オールブラックスXVのレオン・マクドナルドHC(左)とブラッド・ウェバー共同主将(撮影:向 風見也)


 季節は真逆だ。冬のニュージーランドから夏の日本へやってきたオールブラックスXV(フィフティーン)のブラッド・ウェバー共同主将は「タフな時間を過ごしています」と笑った。

「ただ、身体は徐々に慣れてきています。試合を楽しみにしています」

 来日から約1週間後にあたる7月8日、東京・秩父宮ラグビー場で「JAPAN XV」名義の日本代表とぶつかる。話をしたのは6日。両軍のメンバー発表を受け、千葉県内での練習後に取材に応じた。

 「JAPAN XV」のメンバー構成について聞かれれば「まだ見ていない」とし、臨席するレオン・マクドナルド ヘッドコーチに「とても強いメンバーだよ」と耳打ちされる。

「リーチは出る?」

 所属するチーフスで一緒にプレーしたことのある、リーチ マイケルの出場可否を気にする。

「そうみたいだよ」と聞く。

 共同主将兼FLでメンバー入りのリーチとのマッチアップを「友人でもある。ぶつかりあえる機会があれば」と心待ちにし、こうも続ける。

「日本代表はスピードもあり、よくコーチングがされたチームです。私たちのチームには初めて国際試合に出る選手もいます。そんななか、どのレベルにあるかを知るいい機会です」

 このチームは、ニュージーランド代表の予備軍的な位置づけにある。日本でおこなわれる今度の2連戦次第で、通称オールブラックスへ昇格する選手も現れうる。

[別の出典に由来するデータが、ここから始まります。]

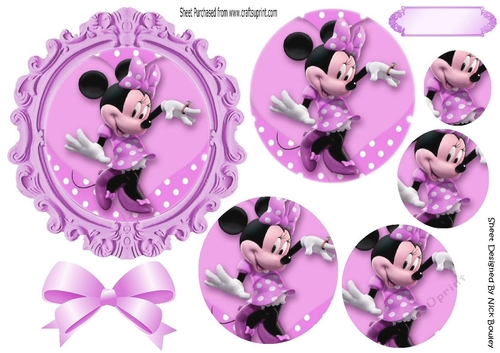 Cute little mini in lilac polka dot in ornate frame pyramids & bow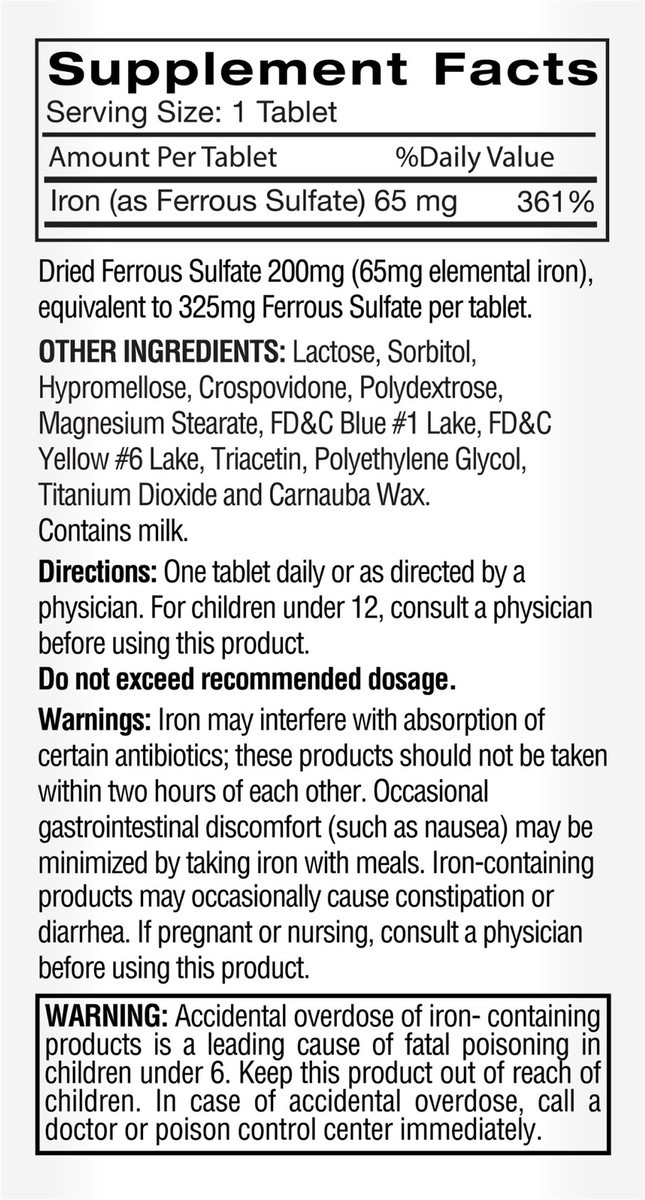 slide 4 of 7, Feosol Iron Ferrous Sulfate High Potency Original Tablets, 120 ct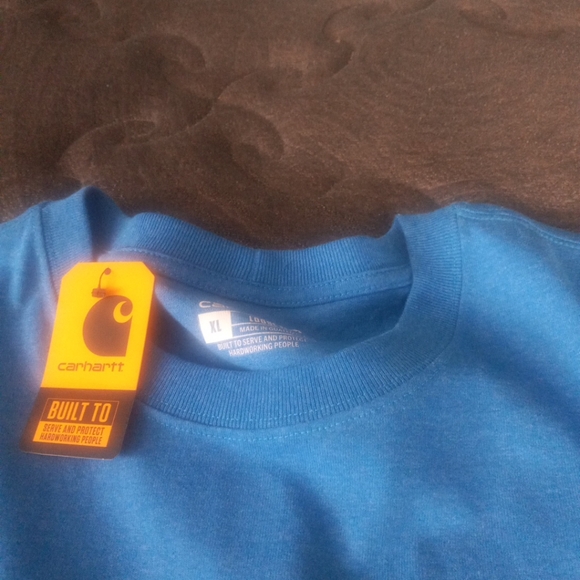 Carhartt Mens Pocket T-Shirt Blue Loose Fit Heavyweight Size XL NWT - Picture 5 of 11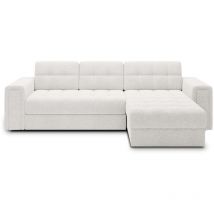 Intensedeco - Canapé d'angle convertible réversible Veziko Bouclette Blanc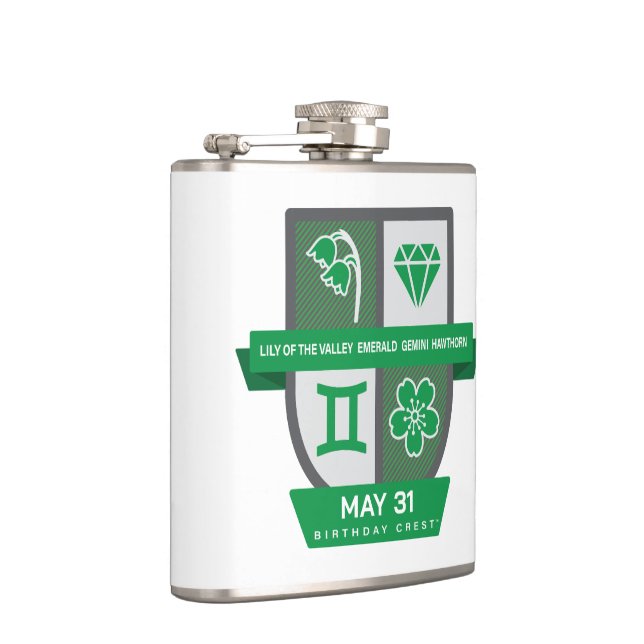 Gemini Birthday Crest™ for May 21-31 Flachmann (Rechts)
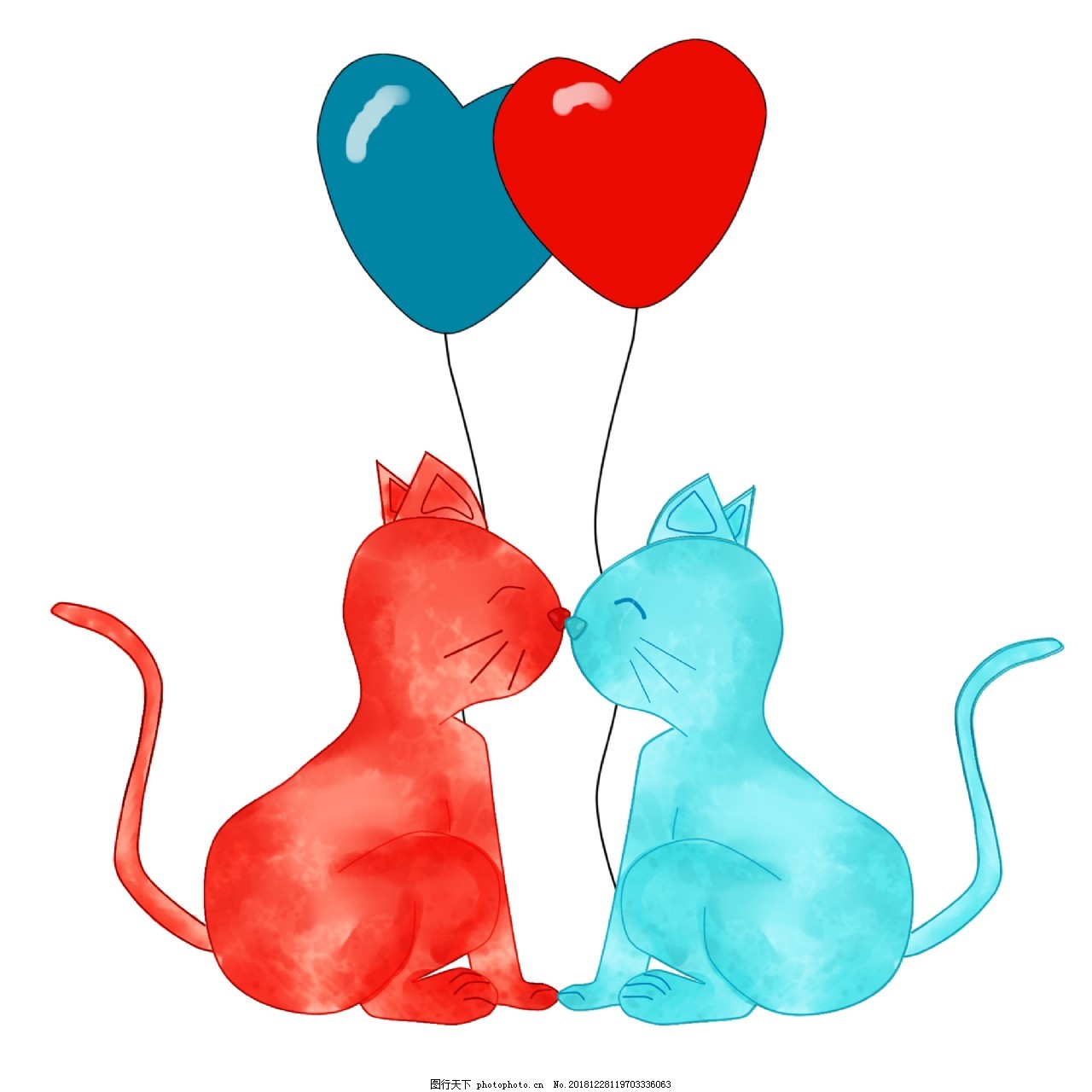 亲嘴的猫咪手绘插画图片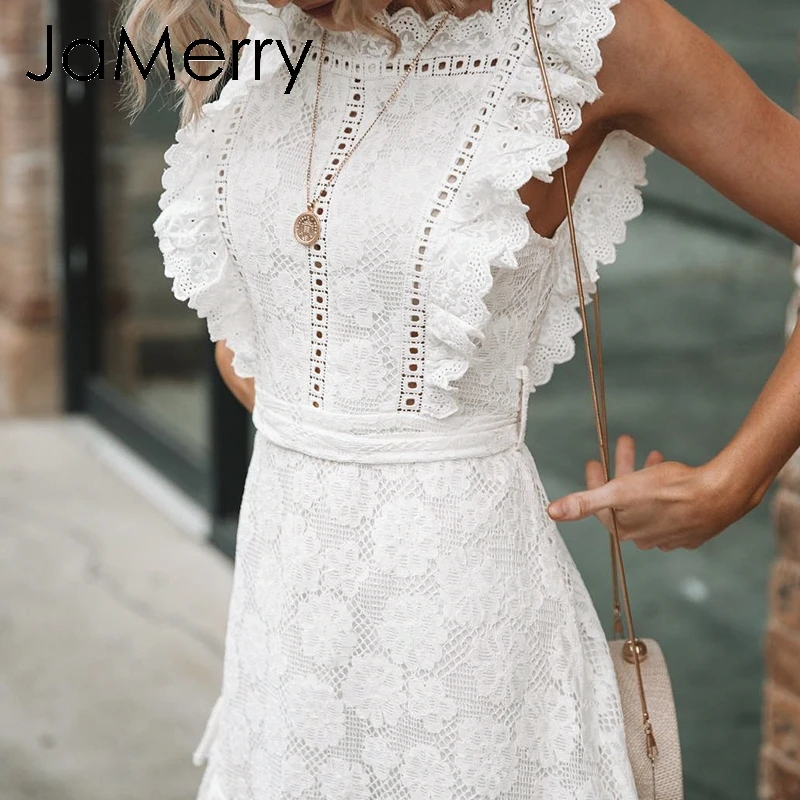 JaMerry, богемное, с вышивкой, белое, кружевное, женское мини платье, с выемками, с поясом, с рюшами, праздничное, летнее, повседневное, сексуальное, Пляжное платье, вести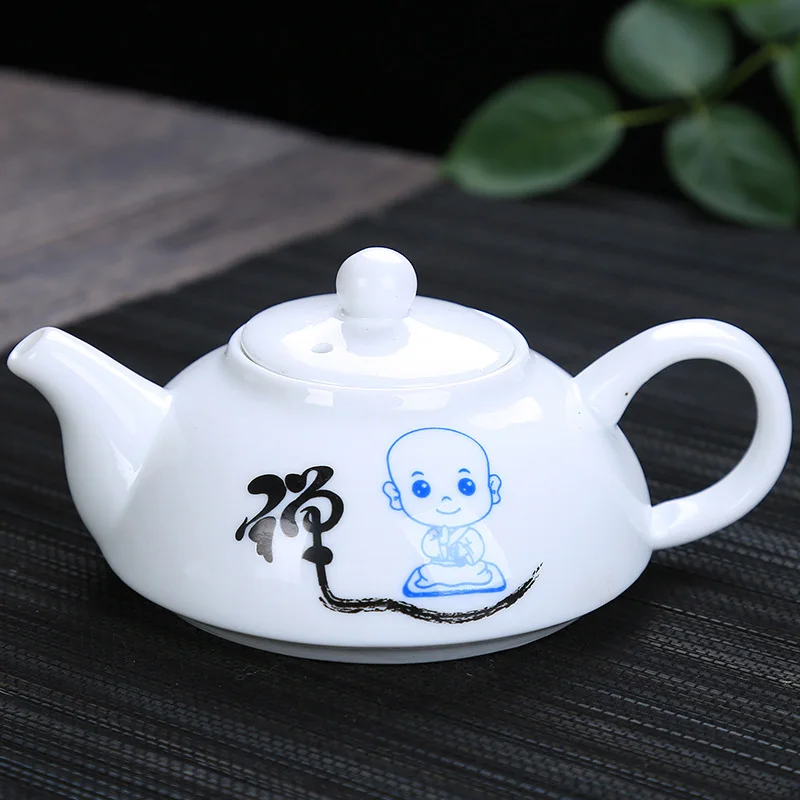 Изысканный Синий и белый фарфоровый чайник, китайский традиционный Ландшафтный узор, чайник, керамический цветочный чайник - Цвет: 04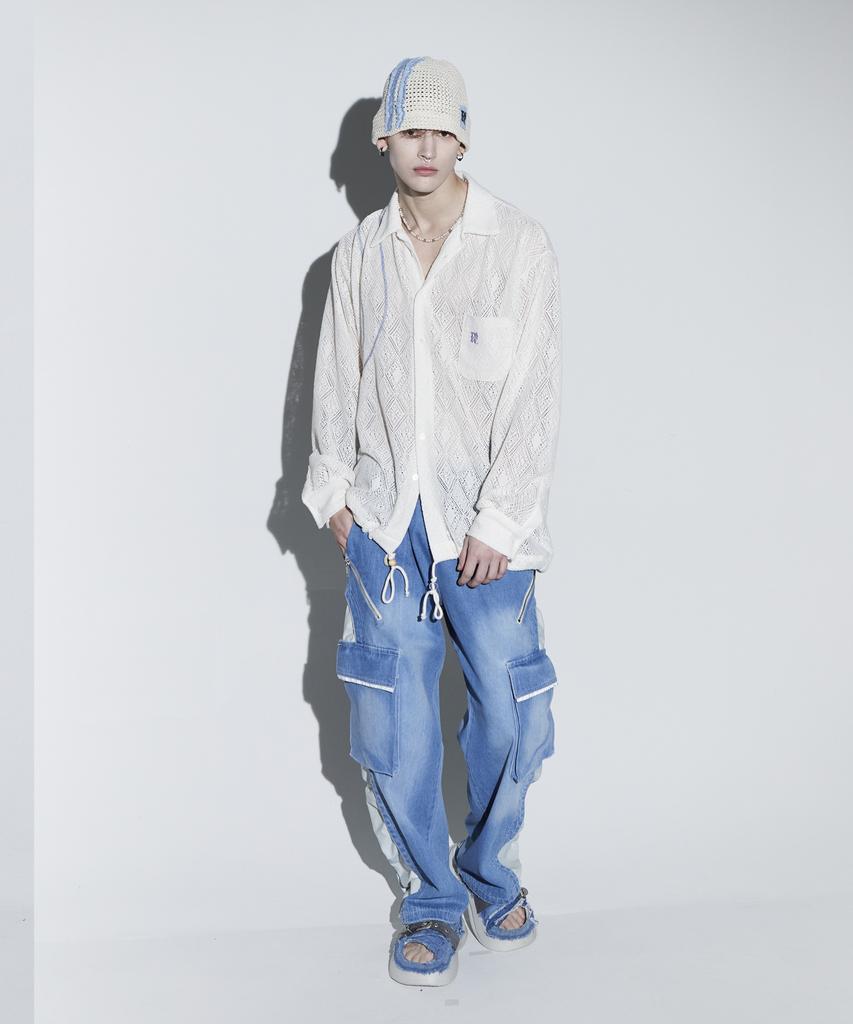 Aleseueseussi Wrinkle Mixed Cargo Denim Pants - L/De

 通算4度目の優勝が期待されるワールドカップは今秋、フランスで開かれる。FLのアキラ・イオアネ、CTBのジャック・グッドヒューら2桁のキャップ(国代表戦出場数)を持つメンバーが並ぶ一方、ノンキャップのメンバーも16名いる。

 18キャップで今回SHとして先発のウェバーは、こう意気込む。

「ここには非常にレンジの広い選手が集まっている。オールブラックスでもっと頭角を現したい人もいれば、このレベルで経験を積みたい若手もいます。ここでの働きで視線を集め、このチームを卒業してオールブラックスに入りたい…そういう目標があります」

 チームを率いるマクドナルドは、2004年にヤマハ発動機(現・静岡ブルーレヴズ)、2009年に近鉄(現花園近鉄ライナーズ)でプレーしたことがある。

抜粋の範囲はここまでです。